South County Business Park

Leopardstown, Dublin 18, Ireland

October 17, 2012

Jim B. Rosenberg

Senior Assistant Chief Accountant

Division of Corporation Finance

Securities and Exchange Commission

100 F Street, N.E.

Washington, D.C. 20549

VIA EDGAR

Re: ICON plc – Form 20-F for the Fiscal Year Ended December 31, 2011

Dear Mr. Rosenberg:

ICON plc (the “Company”) acknowledges your letter dated August 16, 2012 (the “Comment Letter”) setting forth the comments of the staff (the “Staff”) of the Securities and Exchange Commission (the “Commission”) relating to the Form 20-F for the fiscal year ended December 31, 2011 (File no. 333-08704) filed by the Company with the Commission (the “Annual Statement”) on March 2, 2012. On August 24, 2012 the Company submitted a response to the Comment Letter. The Company subsequently received a telephone call from Sasha Parikh on September 18, 2012 which outlined a follow up question to the response submitted by the Company on August 24, 2012. This question was confirmed on a subsequent telephone call with Gus Rodriguez on September 20, 2012. On October 1, 2012, the Company submitted a response to this question. On October 15, 2012 the Company received a further telephone call from Sasha Parikh which outlined a follow up question to our response of October 1, 2012.

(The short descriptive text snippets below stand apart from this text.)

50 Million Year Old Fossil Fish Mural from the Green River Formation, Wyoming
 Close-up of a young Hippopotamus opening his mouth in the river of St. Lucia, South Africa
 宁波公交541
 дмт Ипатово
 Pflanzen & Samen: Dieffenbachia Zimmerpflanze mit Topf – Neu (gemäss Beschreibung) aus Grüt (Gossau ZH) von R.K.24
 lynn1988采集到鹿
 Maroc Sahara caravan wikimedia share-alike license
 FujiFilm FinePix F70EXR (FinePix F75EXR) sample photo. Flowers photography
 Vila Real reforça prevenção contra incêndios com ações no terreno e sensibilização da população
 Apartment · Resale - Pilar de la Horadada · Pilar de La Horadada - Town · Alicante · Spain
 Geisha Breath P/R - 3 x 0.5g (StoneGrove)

The Company acknowledges that it is responsible for the adequacy and accuracy of the disclosures in the Form 20-F and in its other filings under the Securities Exchange Act of 1934, as amended. The Company acknowledges that comments of the Staff regarding the Form 20-F or changes to disclosures in response to the Staff’s comments do not foreclose the Commission from taking any action with respect to such filings. The Company also acknowledges that the Staff’s comments may not be asserted by the Company as a defense in any proceeding initiated by the Commission or any person under the federal laws of the United States

For your convenience, we have reproduced the question put forward on the telephone call of October 15, 2012 (in bold) immediately before the Company’s response below.

  1. “You propose to include revised disclosure to the goodwill roll forward table, by presenting a separate line item Acquisition Related Contingent Consideration , we do not believe this presentation to be appropriate please remove this line item from your proposed disclosure alternatively support your accounting basis for including contingent consideration in the goodwill balance.”

RESPONSE:

The Company notes your comment and does not now propose to include a separate line item Acquisition Related Contingent Consideration in the goodwill roll forward table. The Company proposes to include the following table with regard to the goodwill roll forward:

(in thousands)
Opening goodwill 175,860 173,568
Current period acquisitions 83,656 3,505
Prior period acquisitions - 2,539
Foreign exchange movement (6,123 ) (3,752 )
Closing goodwill 253,393 175,860

We believe that we have fully responded to your comment. However, if you have any questions about our response to your comment or require further explanation, please do not hesitate to call me at (011)- 353-1-291-2000 or Brian Kelleher of Cahill Gordon at (212) 701-3447.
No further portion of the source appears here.